Der Verfügungskläger hat gegen den Verfügungsbeklagten einen Anspruch auf Beseitigung des störenden Wettbewerbs durch den Untermieter des Verfügungsbeklagten, der ihm in dem im gleichen Hause befindlichen Ladenlokal Konkurrenz macht. Der Beseitigungsanspruch folgt aus der allgemeinen Konkurrenzschutzpflicht des Verfügungsbeklagten als Vermieter zur Vermeidung von Beeinträchtigungen durch störenden Wettbewerb eines Mitmieters. Diese Schutzpflicht folgt aus § 536 BGB; denn bei der Vermietung von Räumen zum Betrieb eines bestimmten Geschäfts gehört zur Gewährung des vertraglichen Gebrauchs, in den anderen Räumen des Hauses oder auf unmittelbar angrenzenden Grundstücken des Vermieters keine Konkurrenzunternehmen zuzulassen. Die Konkurrenzschutzpflicht bedarf keiner besonderen Vereinbarung; vielmehr genügt es, daß die Zweckbestimmung, die der Mieter mit der Anmietung verfolgt und die den vertragsgemäßen Gebrauch umreißt, Gegenstand des Vertrages wird. So kann der Mieter mit dem Erfüllungsanspruch aus § 536 BGB verlangen, daß die Störung gegenüber dem Mitbewerber unterbunden wird. Der Verfügungskläger hat das Ladenlokal zum Betrieb eines Verkaufsimbißladens angemietet. Durch den Betrieb der nur durch ein Ladenlokal getrennten, aber im gleichen Haus befindlichen Pizzeria kommt es zu einer für § 536 BGB maßgeblichen Konkurrenzlage. Nach dem Ergebnis der Beweisaufnahme steht zur Überzeugung der Kammer fest, daß sich die Geschäfte der Mitbewerber in wesentlichen Teilbereichen überschneiden. In beiden Ladenlokalen werden Pizza- und Nudelgerichte sowie Salate feilgeboten und verkauft. Nach der glaubhaften und widerspruchsfreien Aussage der Zeugin C verkauft ihr Mann unter anderem Pizza- und Nudelgerichte und mehrere frische Salate. Die Pizzeria nebenan verkaufe neben Pizzen auch Nudeln und Salate, wie sie von einigen Kunden ihres Mannes erfahren habe. Die Kammer hatte keinen Anlaß, den Bekundungen der Zeugin keinen Glauben zu schenken, zumal die von der Zeugin gemachten Angaben auf der Hand liegen. Die regelmäßige Verkaufspalette einer Pizzeria besteht im wesentlichen neben dem Verkauf von Pizzen in dem Angebot von Nudeln und Salatgerichten. Der Verfügungskläger ist Italiener. Insoweit erscheint es auch hier nicht fernliegend, daß dieser auch die genannten Speisen in seinem Ladenlokal anbietet. Zweifel an der Richtigkeit der Aussage der Zeugin bestehen nicht.
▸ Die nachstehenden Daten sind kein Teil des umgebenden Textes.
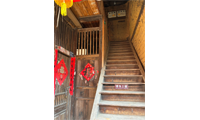 莫让旅居养老成“坑老”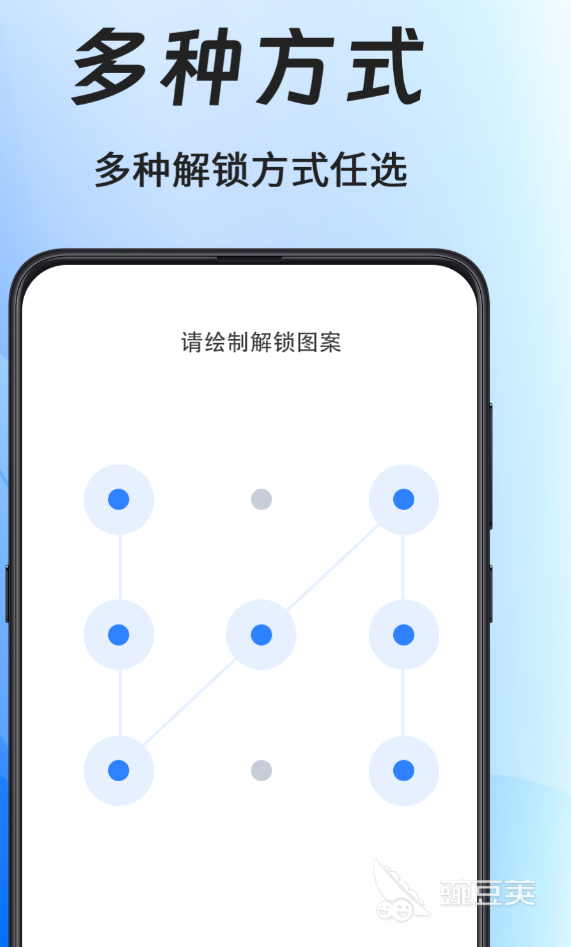 实用的软件加密工具榜单 值得分享的高效安全加密软件介绍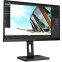 Monitor AOC 27" U27P2CA - Foto 2
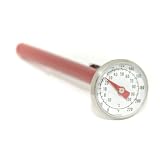 Chef Select Valu Instant Read Thermometer
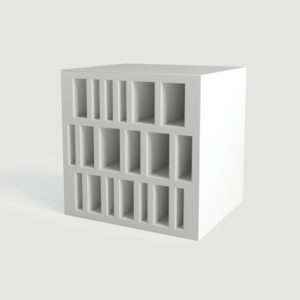 Aperture_WhiteGrid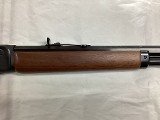 MARLIN 1895LTD-III .45-70 GOVT - Image 4 of 9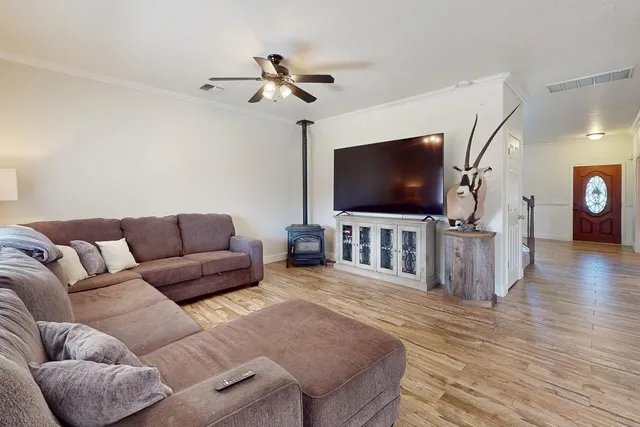 $635,900 | 3202 Roosevelt Road, Yuba City, CA 95993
Die Erfüllung des Anspruchs des Verfügungsklägers ist dem Verfügungsbeklagten auch nicht unmöglich. Der Verfügungsbeklagte hat nämlich das Ladenlokal der Firma X2 & U ausweislich des Pachtvertrages zum Betrieb einer Trinkhalle verpachtet. Die Untervermietung zum Betrieb einer Pizzeria stellt damit eine nicht vom Vertragswortlaut gedeckte Nutzungsänderung dar. Der Verfügungsbeklagte kann insofern auf den Hauptpächter einwirken. Damit zeigt sich, daß der Verfügungsbeklagte durchaus Einfluß auf den Mitmieter und damit auf das Konkurrenzverhalten des Mitbewerbs nehmen kann. Gründe außerhalb des Vertrages, die einer Einflußnahme entgegenstehen könnten, sind nicht vorgetragen. Nach den Erklärungen in der mündlichen Verhandlung hat sich der Verfügungsbeklagte X des Begehrens des Verfügungsklägers überhaupt noch nicht mit der Firma X2 & U in Verbindung gesetzt.
Der Verfügungsgrund ergibt sich aus der nunmehr bestehenden Konkurrenzlage und den vom Verfügungskläger nicht hinzunehmenden möglichen Gewinneinbußen. Dem Verfügungskläger kann nicht – auch nicht wegen der zum Ende des Jahres aufgrund seiner Kündigung vorgegebenen Geschäftsaufgabe – abverlangt werden, die Konkurrenz zu dulden und sich auf spätere Schadensersatzansprüche zu beschränken. Die bestehende Konkurrenzlage schränkt den vertragsgemäßen Gebrauch der Mietsache ein. Dem Verfügungsbeklagten wird lediglich aufgegeben, den vertragsgemäßen Gebrauch wiederherzustellen, indem er seinerseits seinen Vertragspartner dazu anhält, sich gegenüber ihm vertragsgerecht zu verhalten. Bei Abwägung der gegenseitigen Interessenlagen dürfte außerdem für den Verfügungskläger streiten, daß er mögliche Schäden, die sich aufgrund der Konkurrenzlage ergeben könnten, nur schwer wird beziffern können.
Die Nebenentscheidungen beruhen auf den §§ 92, 269 Abs. 3 ZPO.
Die Kostenentscheidung ergibt sich aus den Gründen der abgeänderten Antragsstellung, die sich als Teilrücknahme auch kostenmäßig auswirkt.